Research & Papers

TTSR: Test-Time Self-Reflection for Continual Reasoning Improvement

New method uses a single LLM as both student and teacher to target its own weaknesses.

Deep Dive

A research team led by Haoyang He and Zihua Rong has introduced TTSR (Test-Time Self-Reflection), a novel framework designed to overcome two major hurdles in test-time training for large language models (LLMs). Existing methods struggle with unreliable self-generated labels from difficult test questions and lack mechanisms to adapt to a model's specific reasoning flaws. TTSR addresses this by creating a continual self-evolving loop where a single pretrained model switches between being a 'Student' that attempts problems and a 'Teacher' that diagnoses failures. This internal feedback system aims to make test-time adaptation more efficient and targeted.

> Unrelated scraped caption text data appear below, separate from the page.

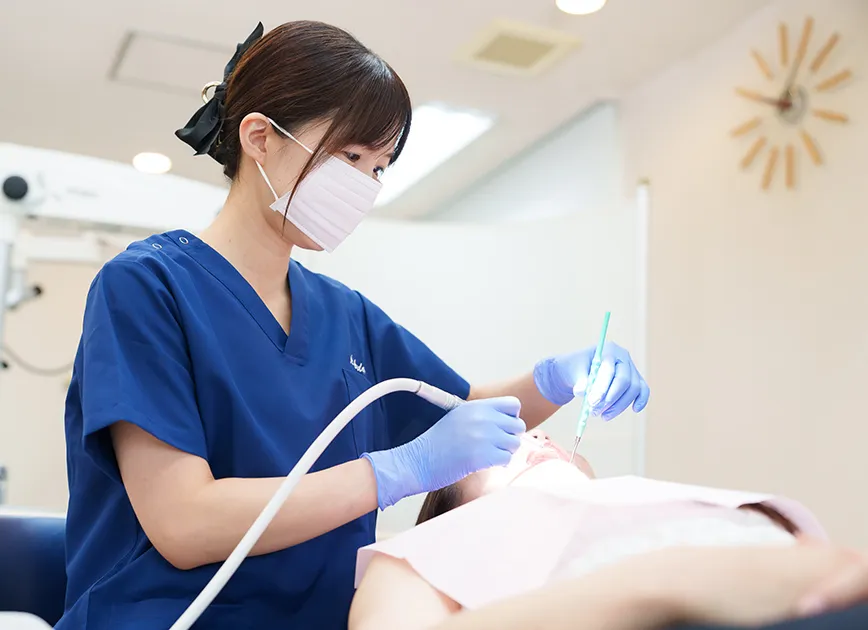 専門的なスタッフによる歯のクリーニング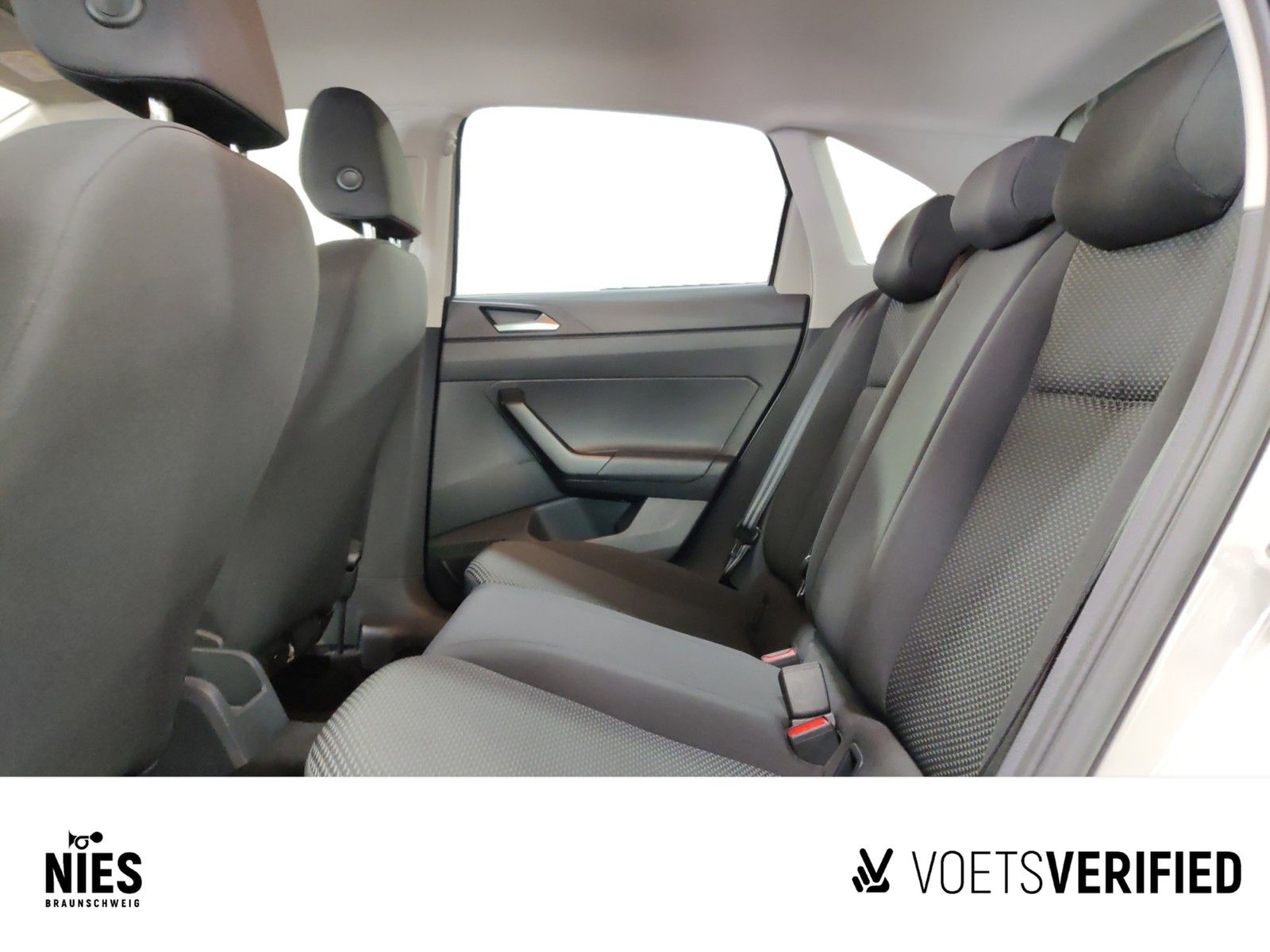 Volkswagen Taigo 1.0 TSI - Samsaru's Car Outlet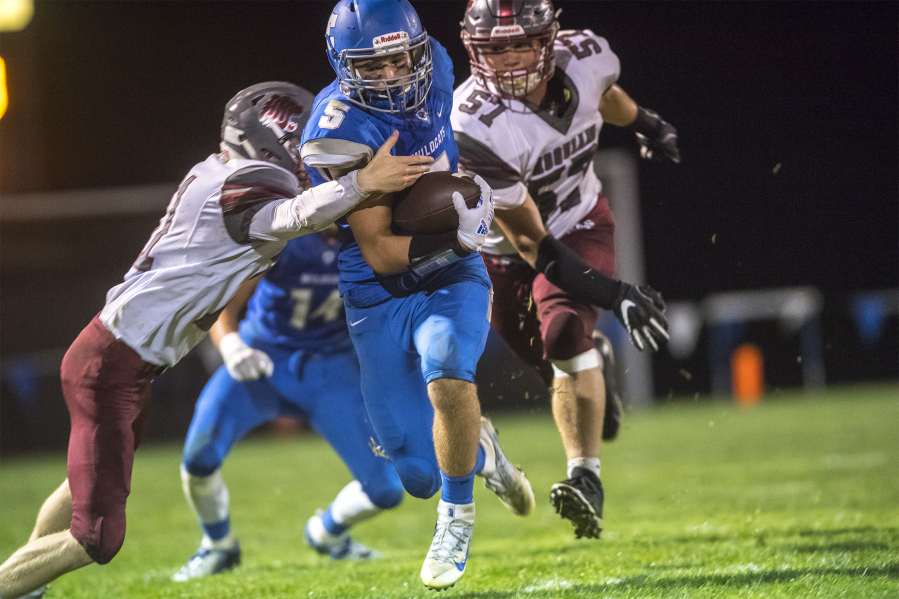 La Center running back Bryten Schmitz (5) rushed for 1,126 yards and 16 touchdowns in 2019.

The core innovation is the Teacher's role: it analyzes the Student's incorrect reasoning trajectories, summarizes recurring weakness patterns, and synthesizes targeted variant questions to guide improvement. This process creates a 'learnable regime' for the model to evolve its reasoning capabilities dynamically during testing. Experimental results on multiple challenging mathematical reasoning benchmarks demonstrate that TTSR consistently boosts performance and generalizes well across different model architectures and general-domain tasks. The findings indicate that teacher-mediated self-reflection provides a viable pathway for stable, continual reasoning improvement, potentially reducing reliance on massive external datasets or human feedback for model refinement.

Key Points
  • Uses a single LLM that alternates between Student (solving) and Teacher (analyzing) roles to create a self-improvement loop.
  • Teacher component identifies specific reasoning weaknesses from failures and generates targeted variant questions for training.
  • Shown to improve performance on multiple challenging math benchmarks, suggesting broad applicability for reasoning tasks.

Why It Matters

Enables LLMs to autonomously refine their reasoning on the fly, reducing dependency on curated training data and human feedback loops.